10 Tips for Meeting The Siblings of Someone You’re Datingby Chiara Atik on June 26, 2012
People put a lot of weight on “Meeting The Parents,” but in some ways, meeting the siblings of someone you’re dating is even higher stakes. This is especially true if your significant other is really close to their siblings, or if the brother/sister is of the opposite gender (boyfriends meeting big brothers, girlfriends meeting sisters, etc).
But if anyone can win them over, it’s you, right? You’re charming. It will be fine. (Just read our 10 tips, first.)

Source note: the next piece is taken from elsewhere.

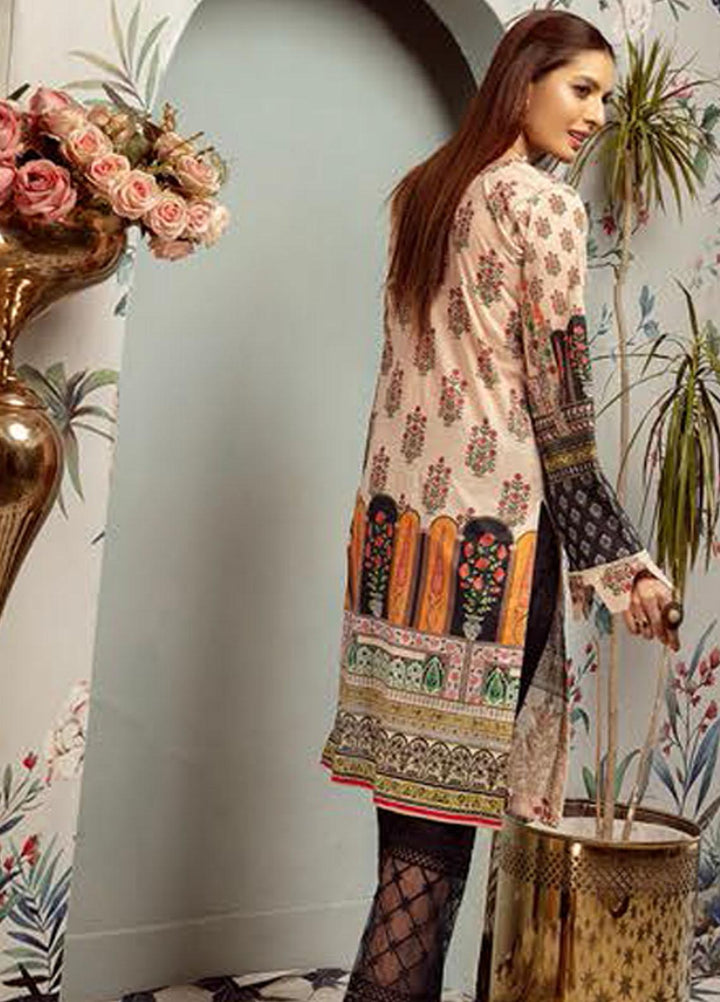 Plush By Riaz Arts Embroidered Lawn  Unstitched Kurties RA21P 28 - Premium Collection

Siblings are Great PR: Use Them to Your Advantage
Remember, the siblings are connected to everyone else in the family — the parents, grandparents, aunts, uncles, etc. Get them to like you, and they’ll put in a good word with the rest of the family. (Also, remember: they’ve met all the other significant others!)
Do Your Research
Before meeting a brother or sister, ask your significant other for some basic info: are they in school? Do they work? What are their hobbies, etc? Then you can easily start a conversation by saying, “Sally tells me you breed carrier pigeons?” (or whatever). It’s nice to show that you actually remembered/care about something your SO said about them: flattery is a powerful thing.

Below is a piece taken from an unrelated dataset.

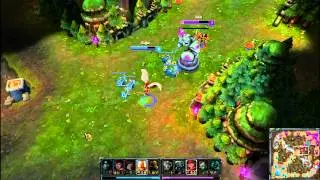 Kayle vs Hecarim and Wukong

Do as Your Significant Other Does…
“Suss out how they relate to each other (do they tease, are they supportive, distant, etc) and mimic it to a lesser degree” -@emschwend
…But Stay Neutral!
“Even if your bf doesn’t get along w/ their siblings it still prob matters whether they like you.” -@taylorlorenz
Be Friendly, and Ask a Lot of Questions
This always works, no matter who you’re meeting. People love to talk about themselves! Get them talking.
Don’t Overdo It
“Don’t be nervous or try too hard to impress them,” says Anna Breslaw, of Glamour.com. “If you act outright like you need to win their approval, it’ll be super off-putting and totally awkward. Just talk to them like you’d talk to a friend, all idiosyncrasies and interesting things intact. You don’t just want to be ‘the girlfriend.’ Because you’re not.”
Don’t Cling to Your Significant Other
If you can, try to find time to hang out or chat with the sibling without your significant other right there. It’s nice to show you can hang on your own, and are interested in actually making a connection with them!
Give Them Space
There’s nothing quite like the relationship between brothers and sisters. Respect that. Hang back when necessary: let them do their thing.
Go Easy on the PDA
“I think, while you obviously don’t want to be PDAing… you do want to show the siblings/family how much you care about and love him/her. Because in the end all I really want for my brother is for someone to be crazy about him.” -@ericals
Remember, This Could Be Awesome
Is there anything better than getting along like gangbusters with your significant other’s siblings? It’s going to make a world of difference for your relationship, and everything from holidays to vacations to hanging out on random weekends is going to be so much better if you get along. So make a good impression and genuinely try to get to know them!